POR EL TRILLO DE LA HISTORIA
Por Ramόn Emilio Espinola
Muchas personas se preguntarán que fue el Instituto Trujilloniano (IT).
El famoso Instituto Trujilloniano fue una institución creada en 1953 con el proposito de crear alabanzas al tirano propiciadas por la mayoría de los intelectuales de la época.
Su órgano cultural fue la revista “Renovación” donde se puede leer el testimonio escrito de los grandes intelectuales de esos tiempos.

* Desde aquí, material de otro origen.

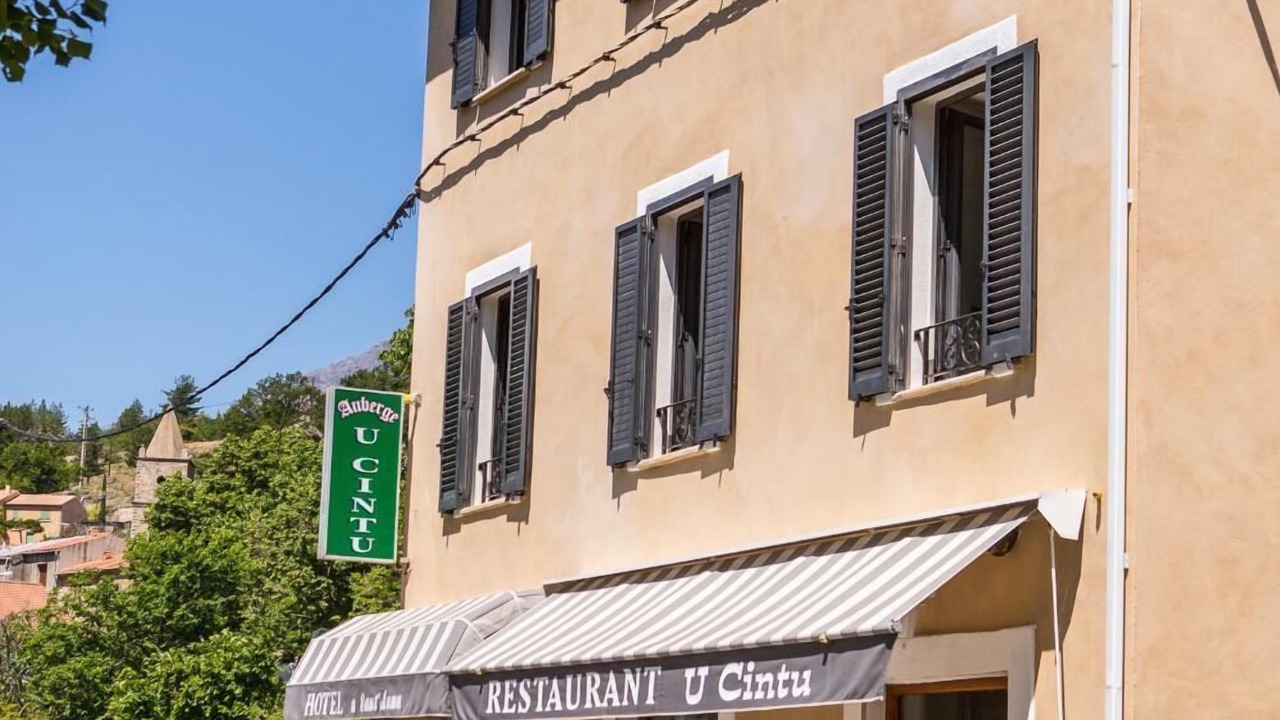 Photo of Outdoor in Albertacce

Estas personalidades construyeron un panorama a favor de Trujillo usando como instrumentos la cultura, el arte, la educación. Todo tenía un epicentro que giraba solo en una dirección: “Trujillo, Padre de la Patria Nueva”
La organización se regía con estatutos propios muy bien estructurados; tenía su propia directiva, consejo de asesores, además de un grupo de redacción con delegados esparcidos por los diferentes puntos y ciudades del país.
Entre sus presidentes podemos citar a prominentes escritores como Manuel Arturo Peña Batlle y Manuel A. Amiama.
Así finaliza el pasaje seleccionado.